Previous studies have focused mainly on vowel insertion patterns per se in which some words always take an epenthetic vowel (e.g., rope→[lophɨ]), some never do (e.g., group→[kɨrup˺]), and some vary between these two options (e.g., tape→[thɛip˺]~[thɛiphɨ]). Rhee & Choi (2001) conducted a statistical analysis on the frequency of variable vowel epenthesis and Jun (2002) reported on a large-scale experiment involving 260 college students; however, both of these studies simply provided a list of factors affecting the likelihood of vowel insertion while the former relied on standardized written loanword data. Boersma & Hamann (2009) accounted for the phenomenon in terms of an Optimality-theoretic grammar model. Kwon (2017) deals with inter-speaker variation to see if Korean listeners' experience with English affects online adaptation, which is not directly connected to the main interest of the present study. Importantly, none of these studies have provided a phonetic analysis of Korean speakers' productions. Thus, the contribution of this paper is that it pays close attention to acoustic details of the recipient language, finding an answer to unnecessary repair, which is one of puzzling emergent patterns identified in the literature on loanword phonology.

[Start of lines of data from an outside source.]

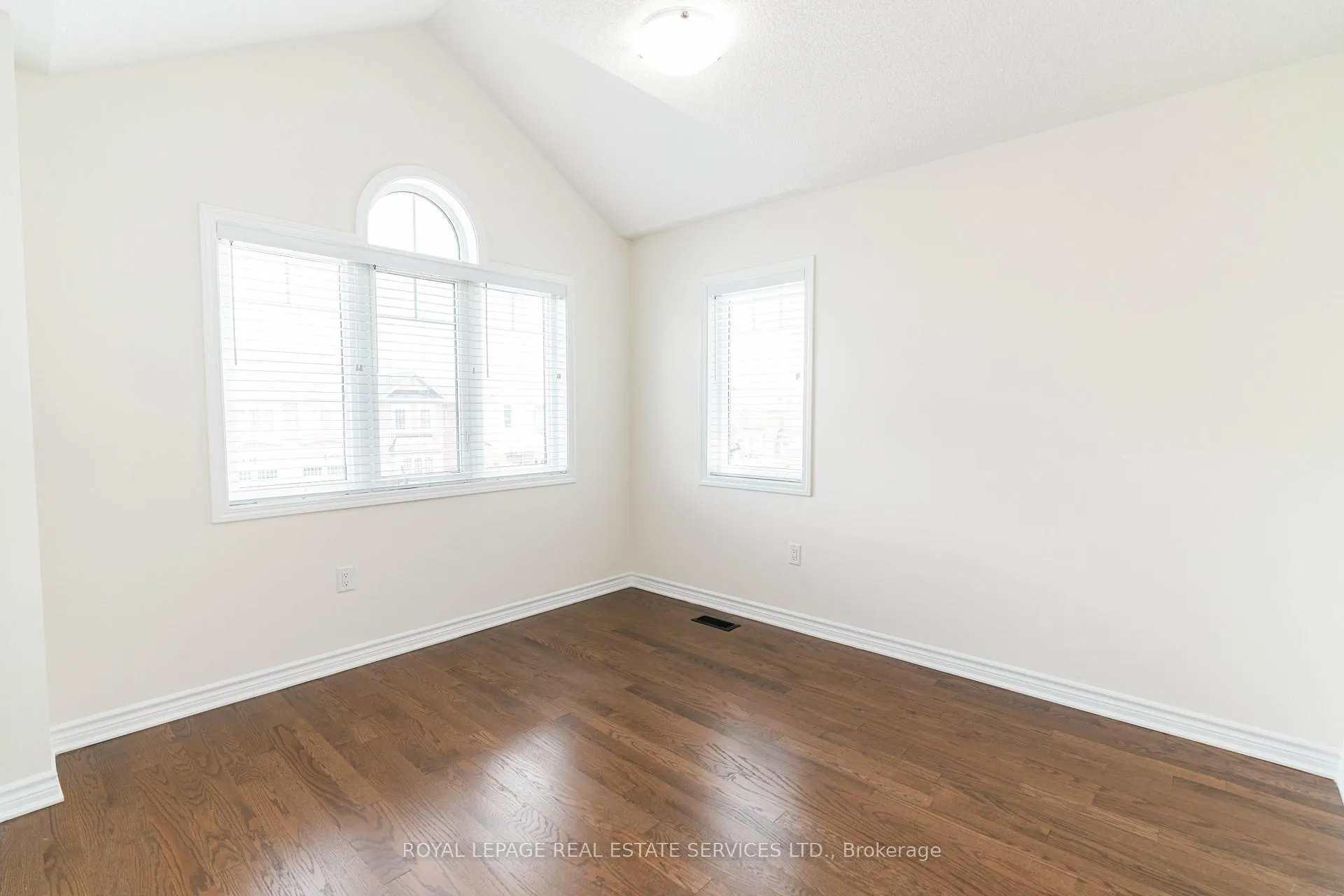 Photo 29 of 974 Penson Crescent, Milton, Coates — HOMEH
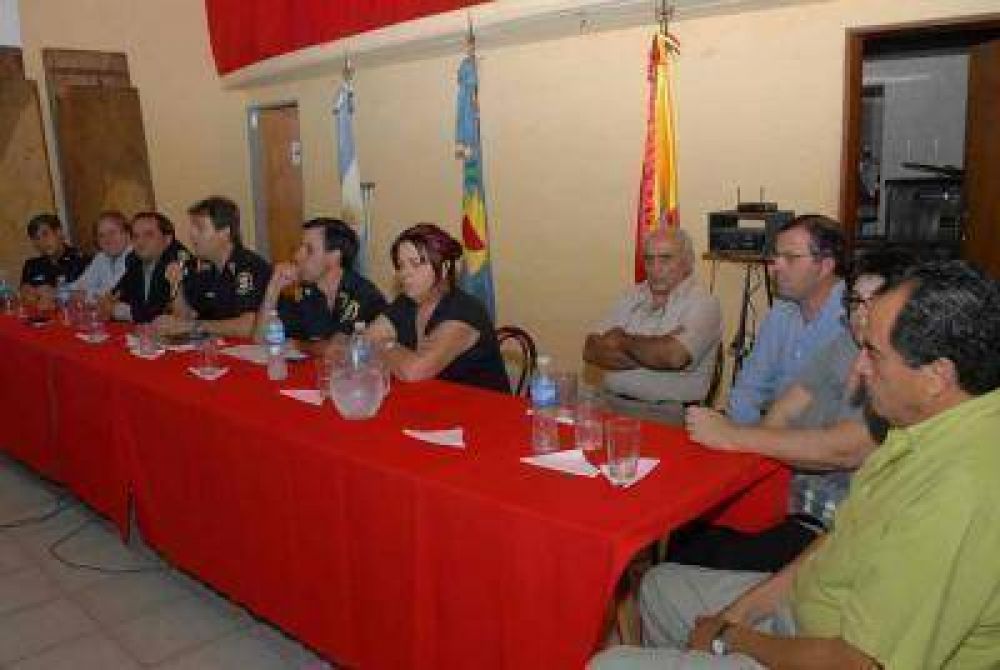  Airado reclamo de prevenci�n de los vecinos a las autoridades policiales 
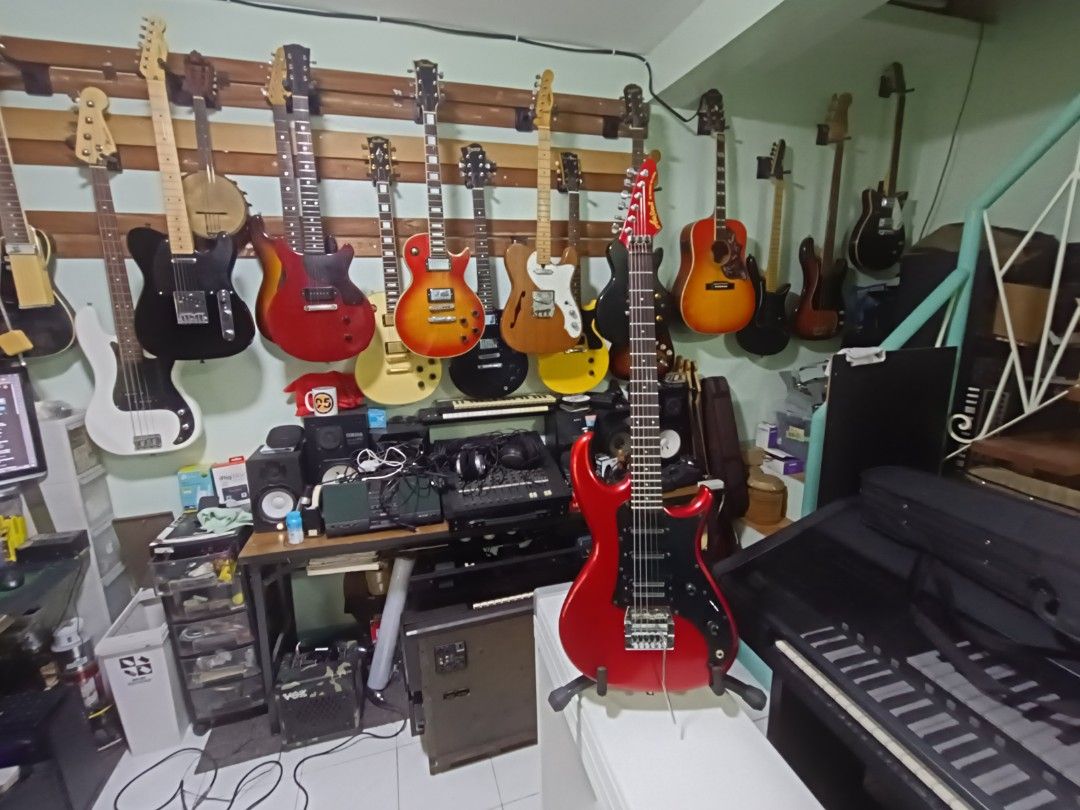 Aria pro2 rs knight warrior electric guitar (Category: Musical Instruments) located in Paranaque City. Submitted by yourhonorvoy (Listing ID 1239760907, Image 2). Description: 06-27-23 New arrival from japan🇯🇵 Aria pro2 rs knight warrior 18k only With softcase With minor dents and scratches 👍New ordinary strings( kulang Ng E) 💪User set up.... 👍Payment thru cash, bank transfer, gcash or in any remittance center 🚚We do shipping👍via lalamove,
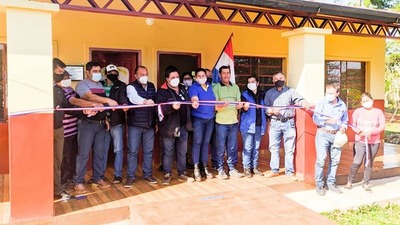 INAUGURAN MEJORAS EN EL COLEGIO SAN COSME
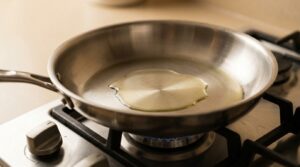 Heat Pan With Oil 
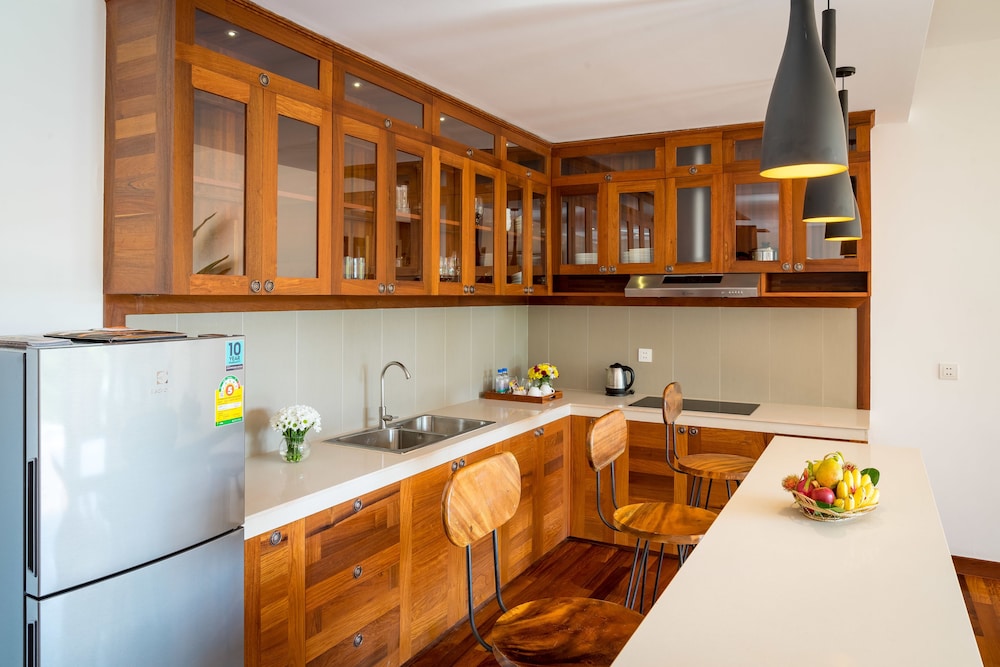 The Koulen Summit Condo 5/66
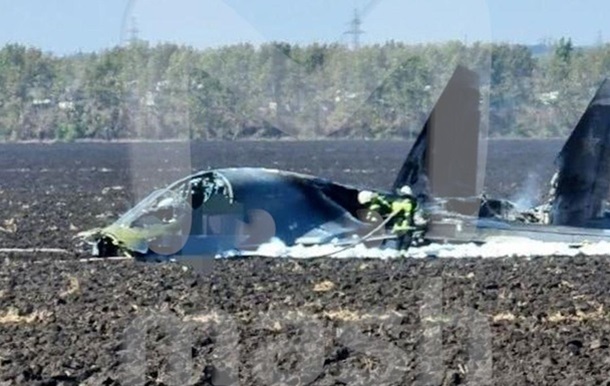 Авіакатастрофа Су-34 у РФ: соцмережі повідомили подробиці про винищувач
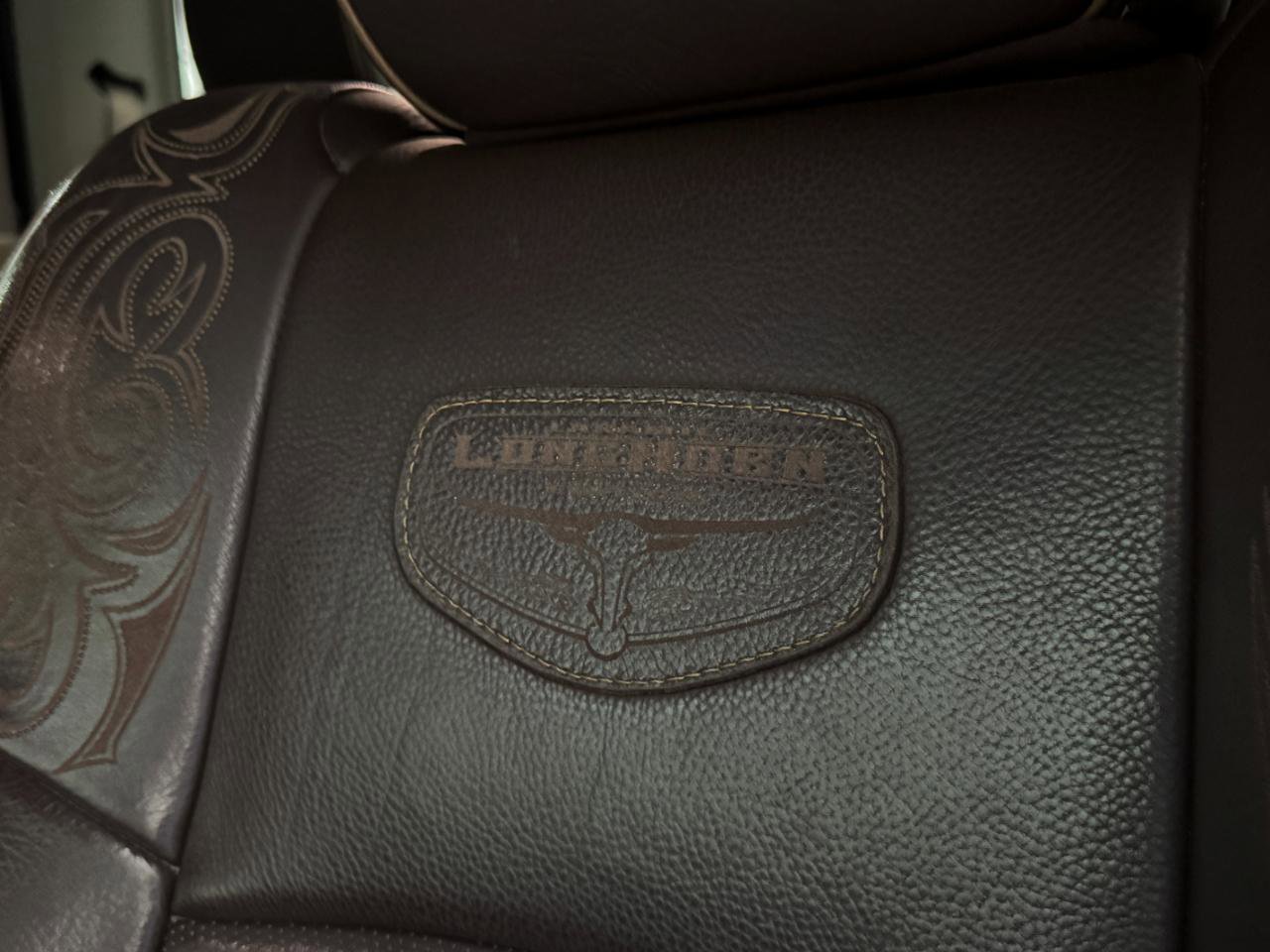 Used 2015 RAM 1500 Laramie Longhorn w/ Convenience Group AWD/4WD image 32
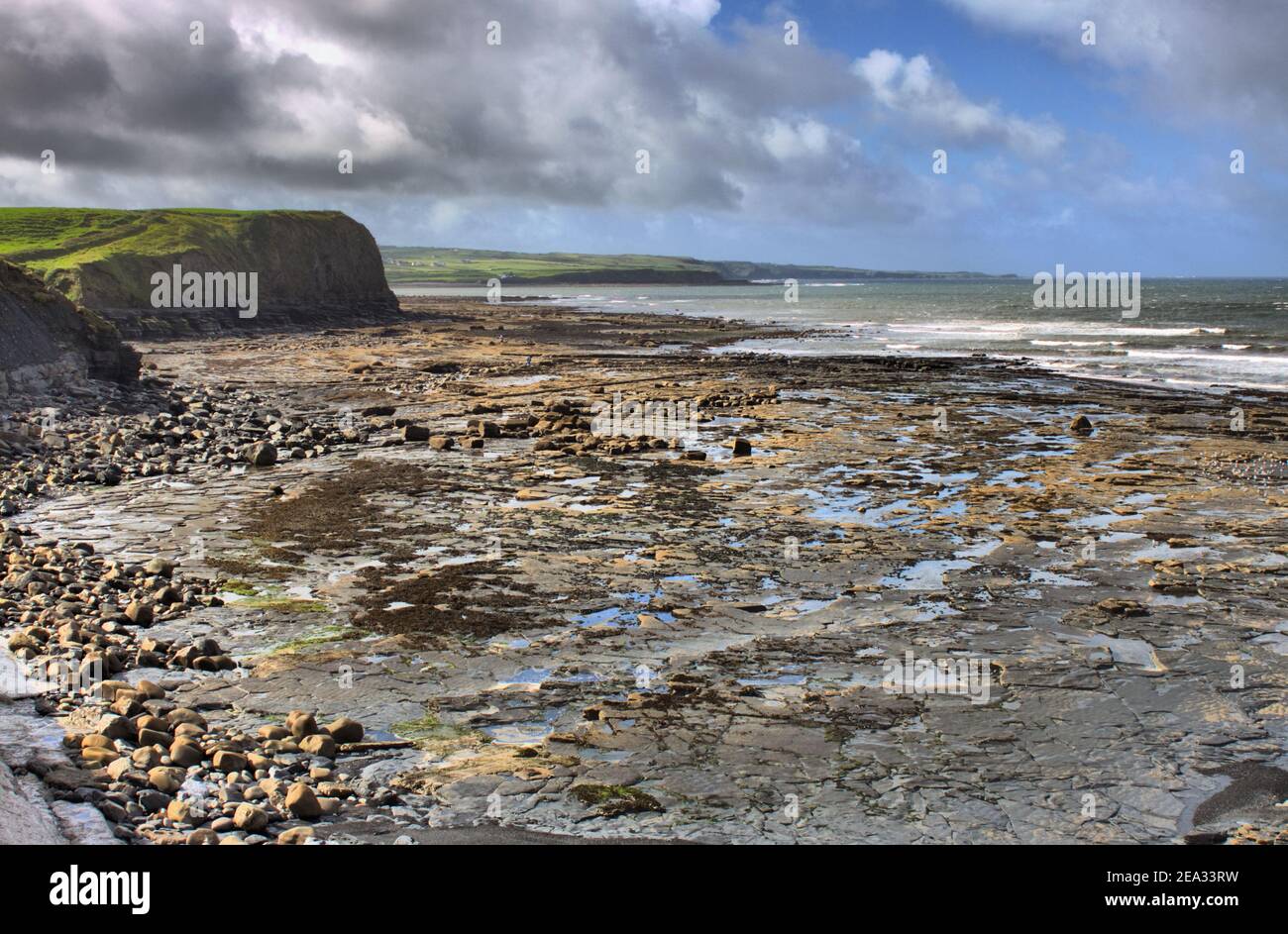 Marée basse dans le comté de Clare, Irlande Banque D'Images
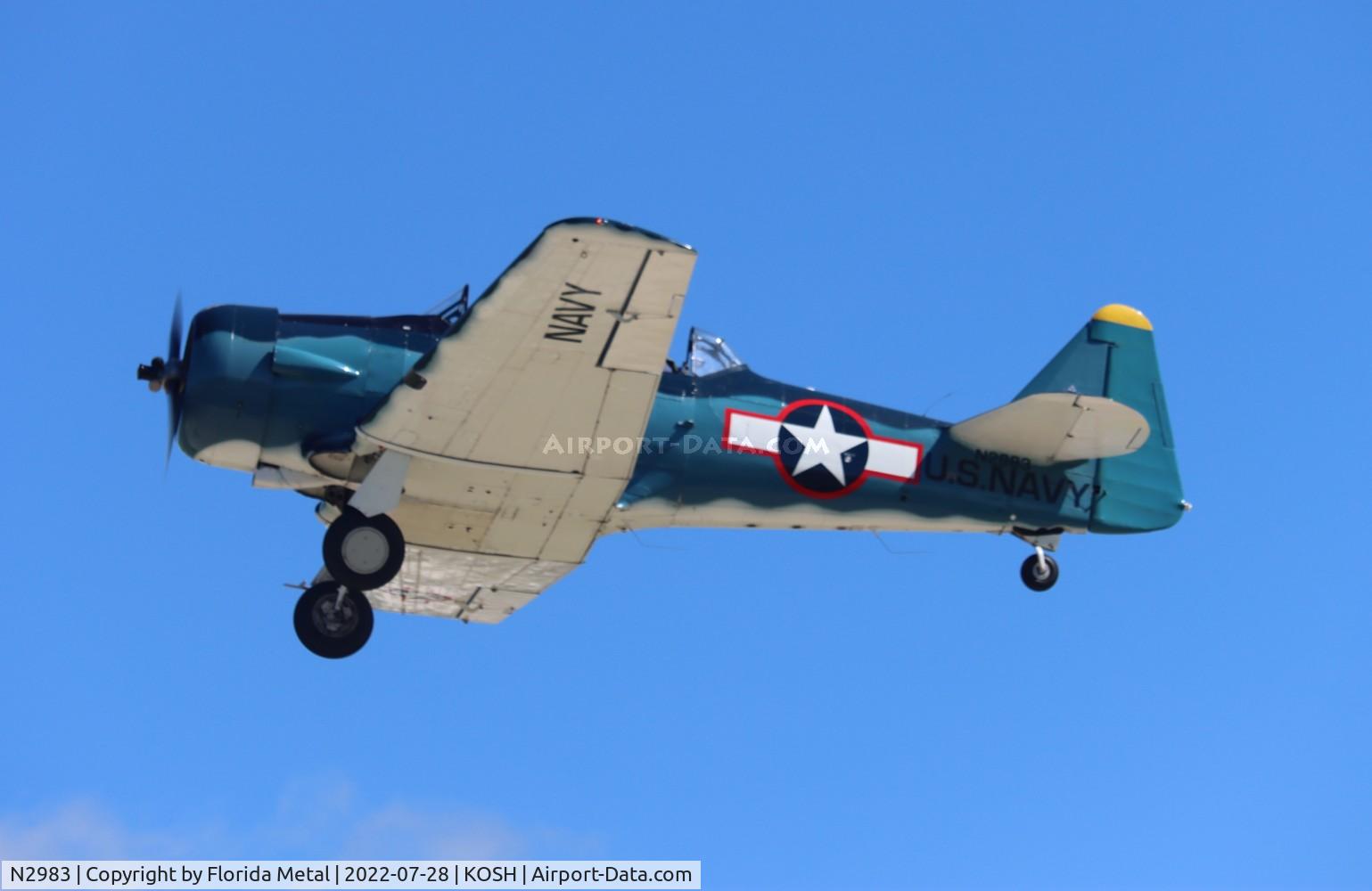 N2983, 1942 North American AT-6D Texan C/N 88-17125, OSH 2022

Among earlier studies on unnecessary adaptations, Kang (2003) claims that this seemingly unmotivated vowel epenthesis is motivated by perceptual similarity between Korean and English forms. Kang discusses several perceptual factors promoting vowel epenthesis following English word-final postvocalic stops. One of those factors is release of final stops. Korean word-final stops are never released (Sohn, 1999), whereas word-final stops in English are variably released (Byrd, 1992; Crystal & House, 1988). Kang argues that vowel insertion may make the Korean output form perceptually similar to an English final released stop, noting that stop release in English and an epenthetic vowel in Korean are phonetically similar.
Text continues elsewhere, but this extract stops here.